Scraped caption text data:
◇ ◇ ◇ ◇ ◇ ◇ ◇
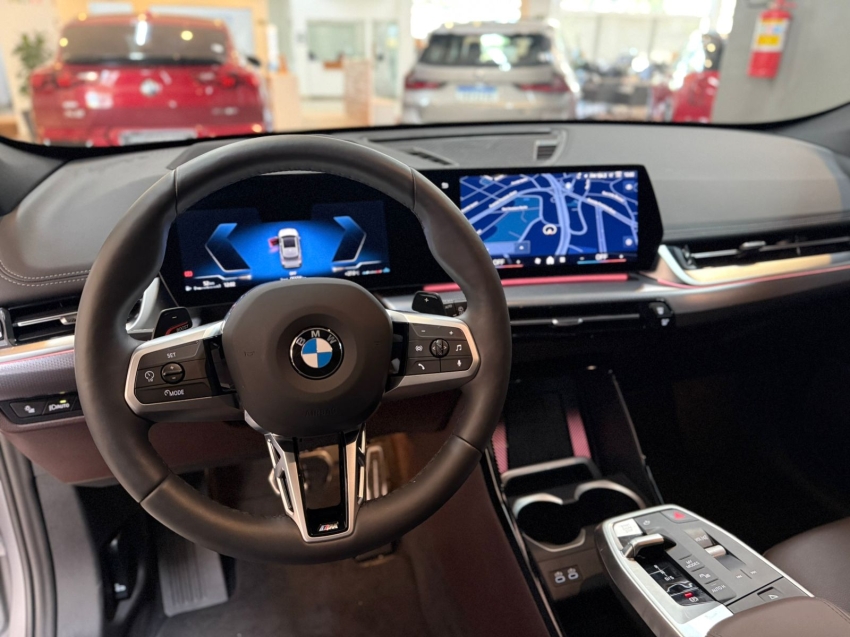 bmw x1 2.0 16v turbo gasolina sdrive20i m sport steptronic 5p automatico 20258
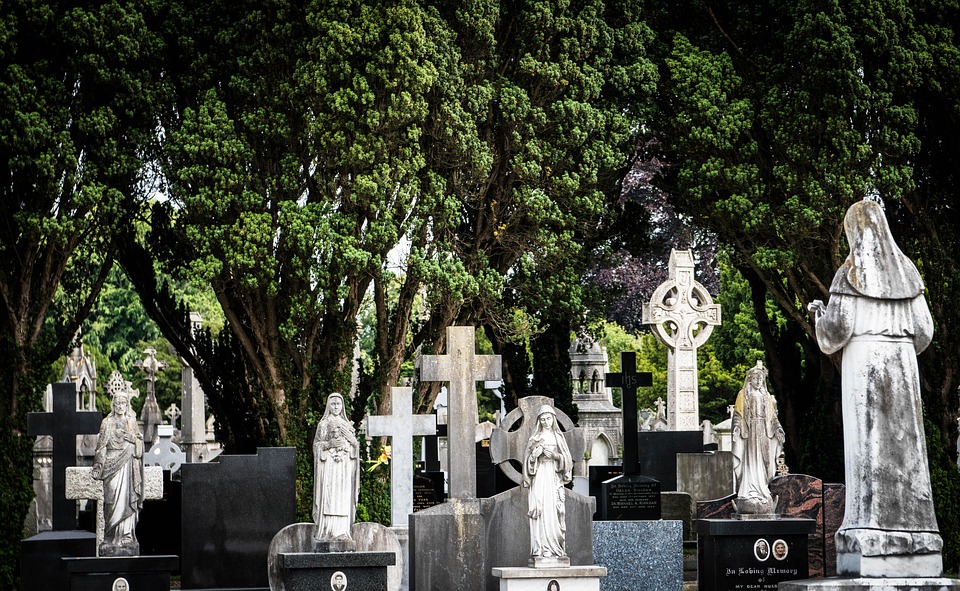 Cementerio de Glasnevin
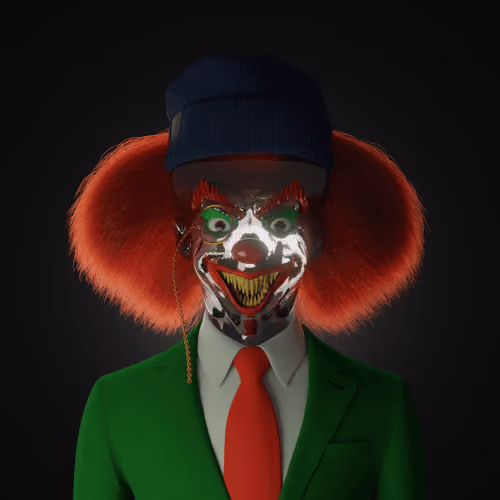 Clownz #2267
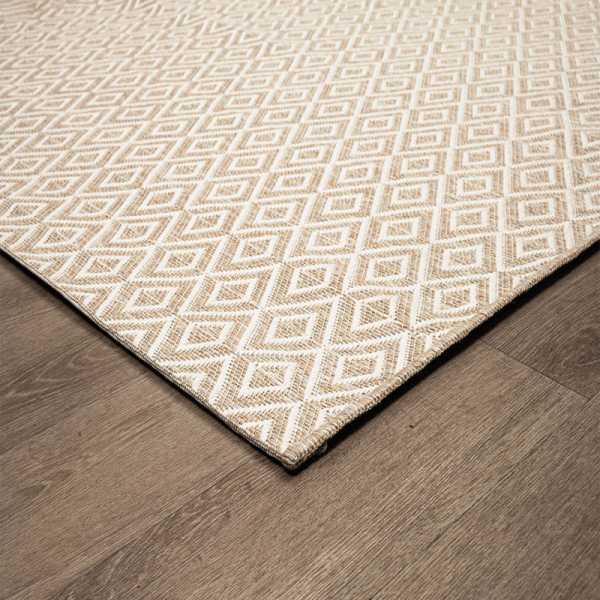 Χαλί Καλοκαιρινό (133x190) New Plan Canvas 1066D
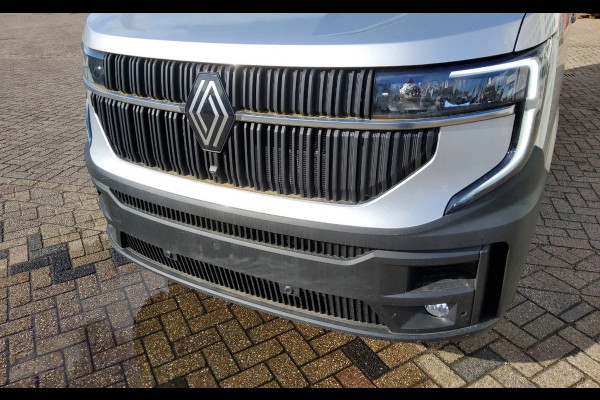 Renault Master 170.35 EURO 6 L2H2 GESLOTEN GRIJS METALLIC - 969 - BPM VRIJ! - MC 218694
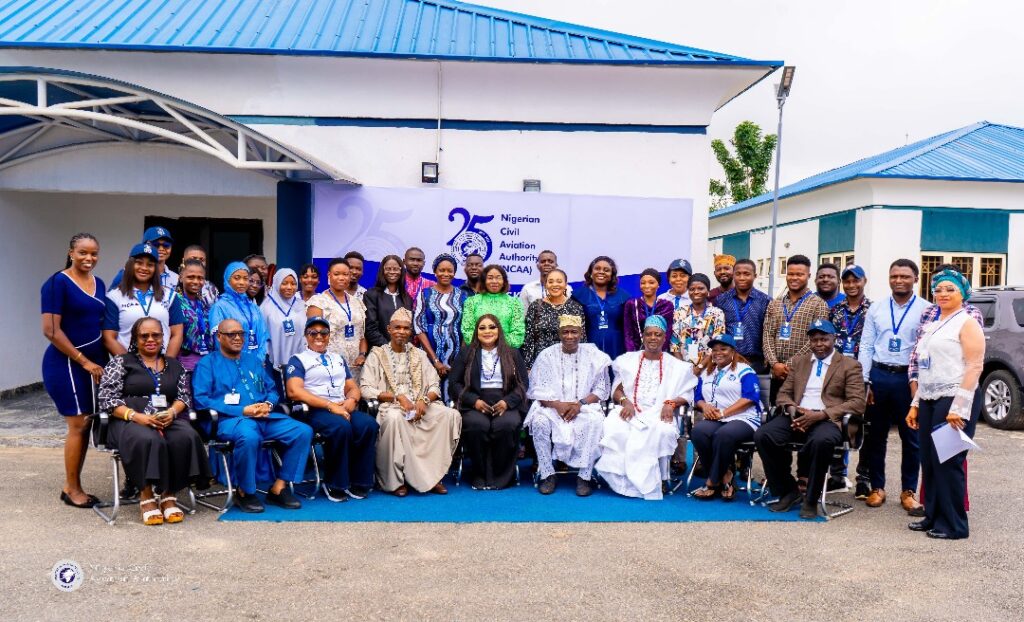 Over 100 Nigerian Youths to Benefit from NCAA'S Upskilling Programme 2 IMG 20250620 WA0084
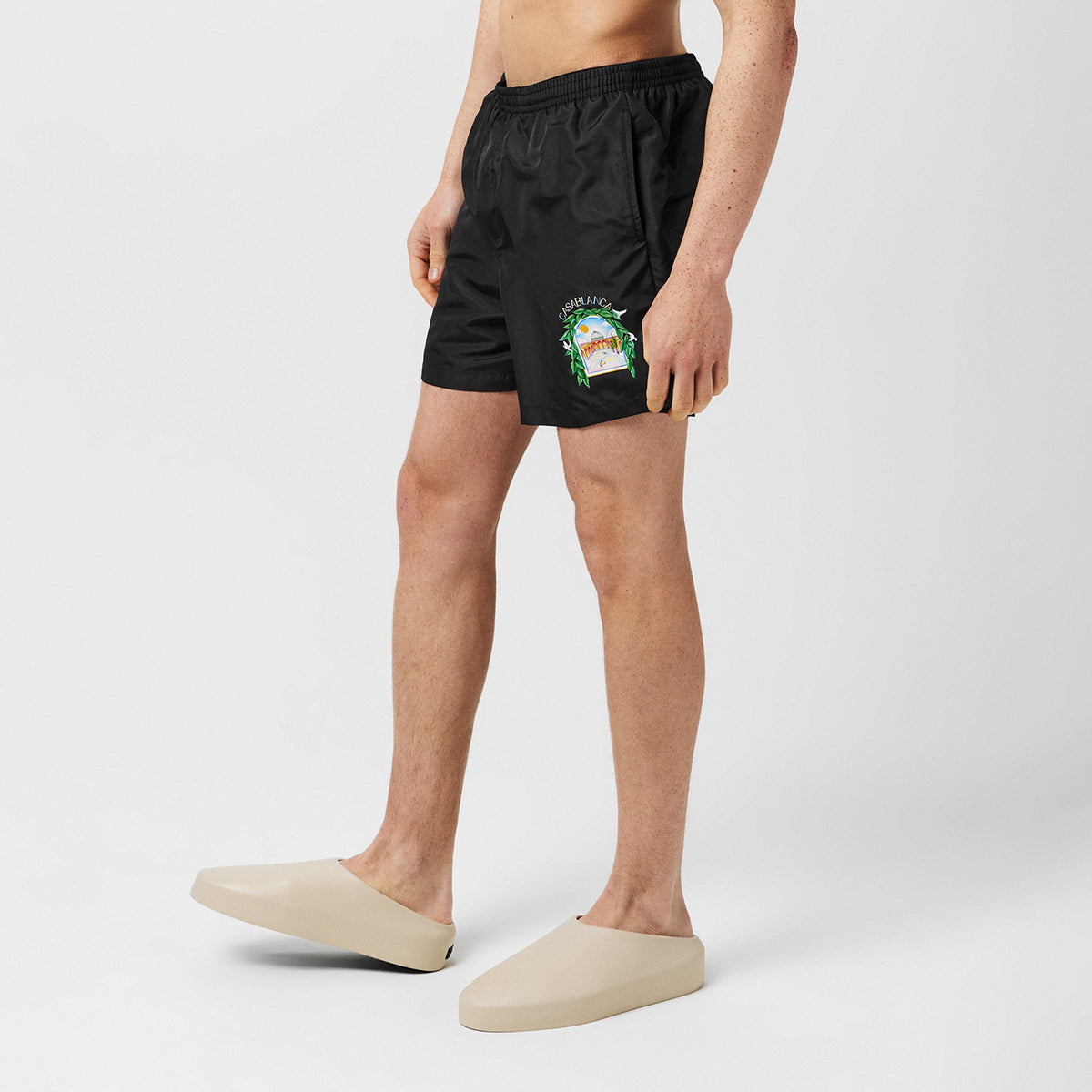 Men's L'Arch De Tennis Swim Shorts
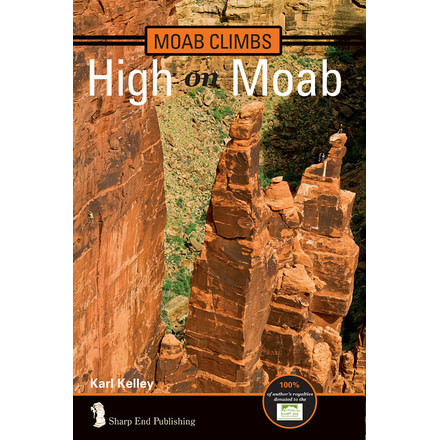 High on Moab: Moab Climbs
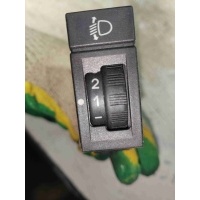 кнопка корректора фар Peugeot 406 2004 1925698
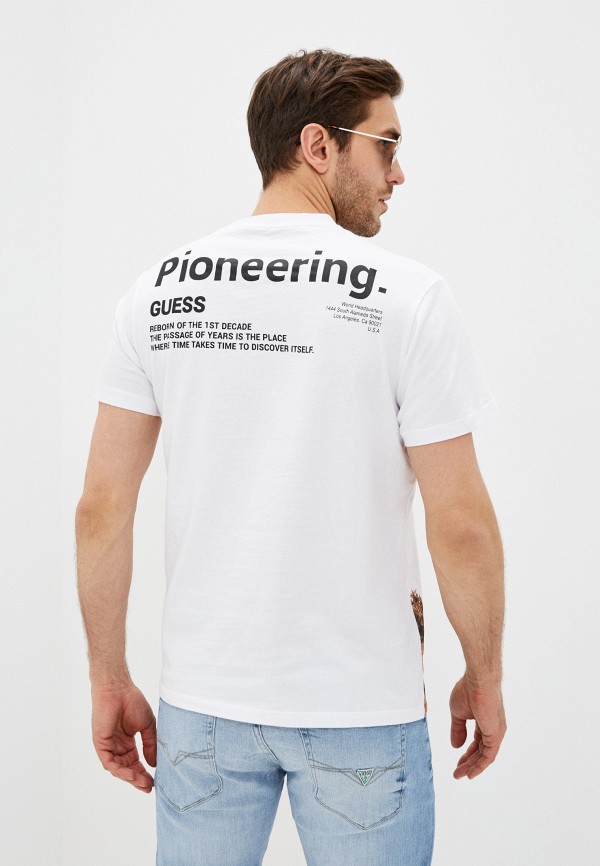 фото Футболка guess jeans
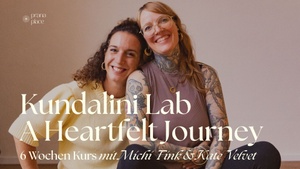 Kundalini Lab · A heartfelt Journey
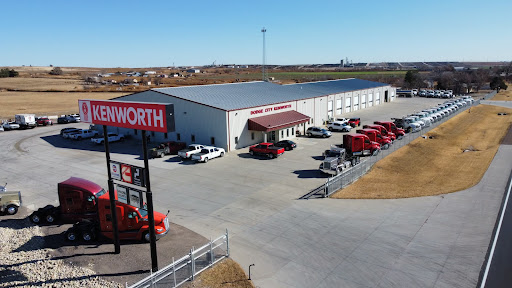 Dodge City Kenworth Logo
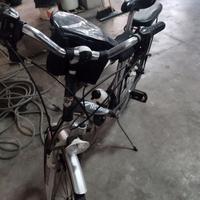 Bici 28 semi nuova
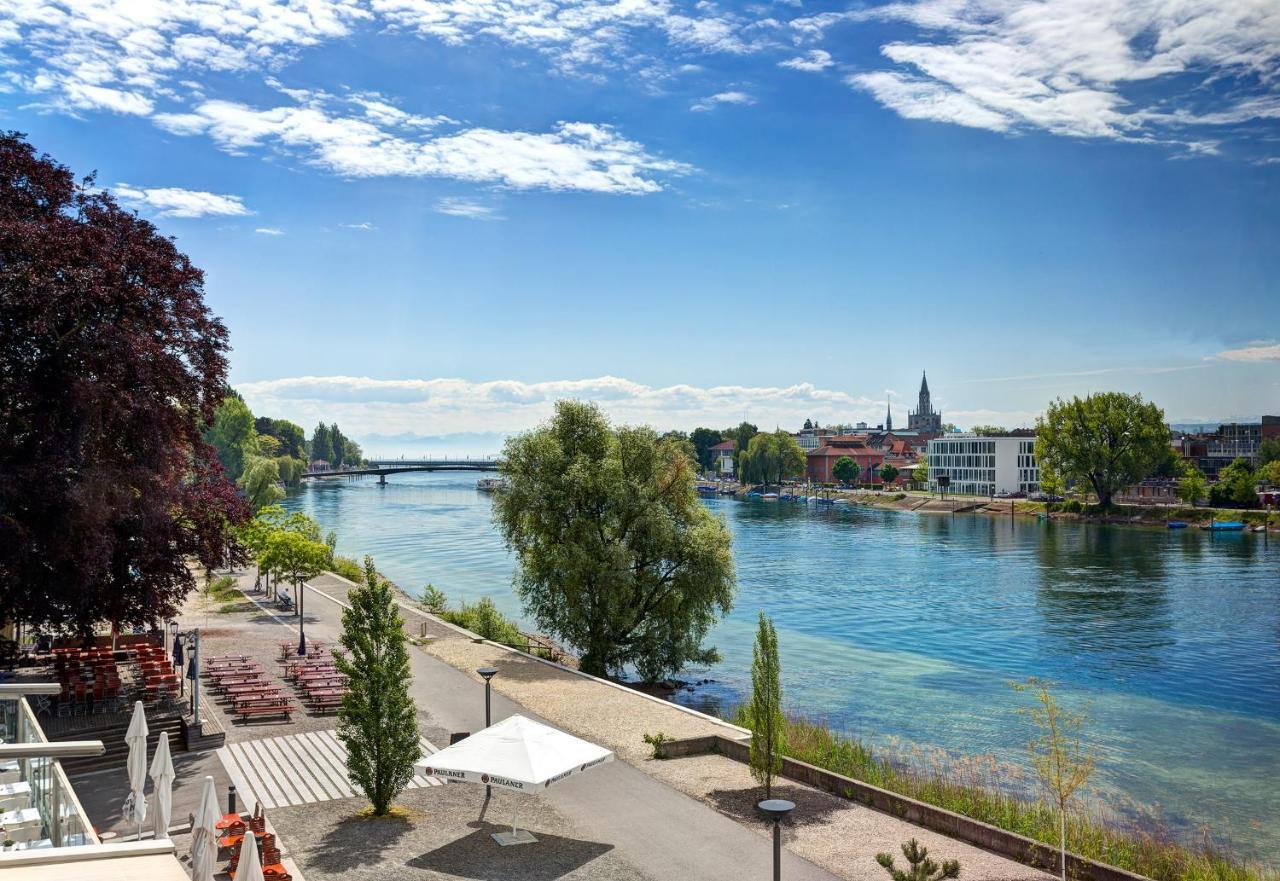 Junior Suite Studio Seerhein view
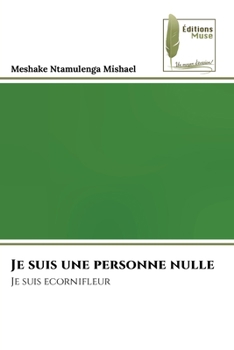 Paperback Je suis une personne nulle [French] Book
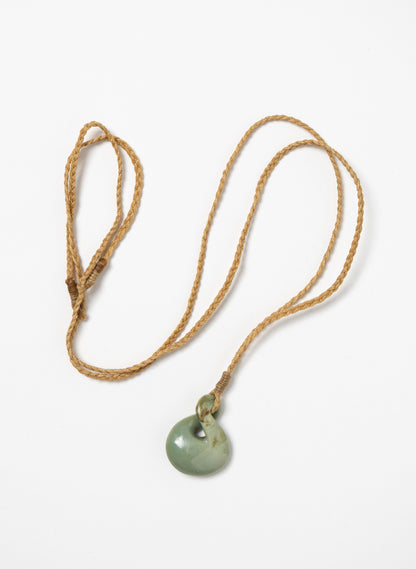 Pounamu Pikorua Twist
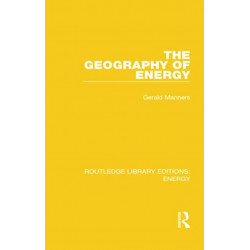 The Geography of Energy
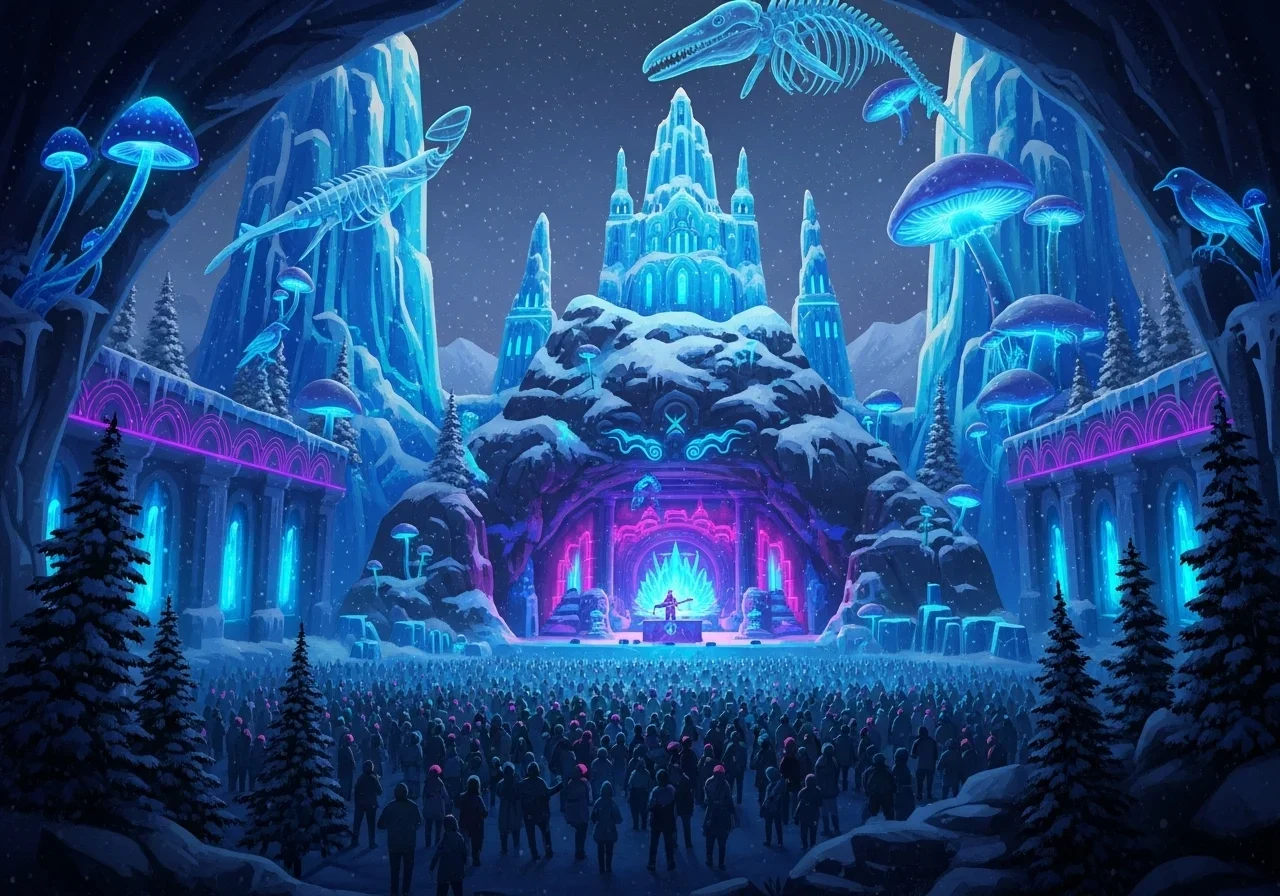 Ice Fortress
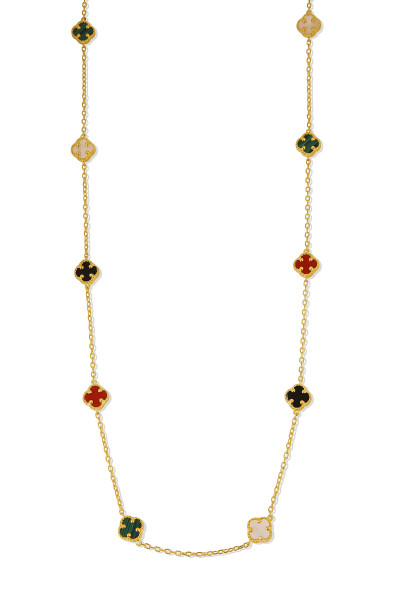 18K Altın Kaplamalı 925...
◇ ◇ ◇ ◇ ◇ ◇ ◇
[Task to complete] Exactly and only the lines from the top of the records down to the line containing "Kundalini Lab · A heartfelt Journey" should be transcribed, please, without the pictures.

[Response to this exercise]
 bmw x1 2.0 16v turbo gasolina sdrive20i m sport steptronic 5p automatico 20258
 Cementerio de Glasnevin
 Clownz #2267
 Χαλί Καλοκαιρινό (133x190) New Plan Canvas 1066D
 Renault Master 170.35 EURO 6 L2H2 GESLOTEN GRIJS METALLIC - 969 - BPM VRIJ! - MC 218694
 Over 100 Nigerian Youths to Benefit from NCAA'S Upskilling Programme 2 IMG 20250620 WA0084
 Men's L'Arch De Tennis Swim Shorts
 High on Moab: Moab Climbs
 кнопка корректора фар Peugeot 406 2004 1925698
 фото Футболка guess jeans
 Kundalini Lab · A heartfelt Journey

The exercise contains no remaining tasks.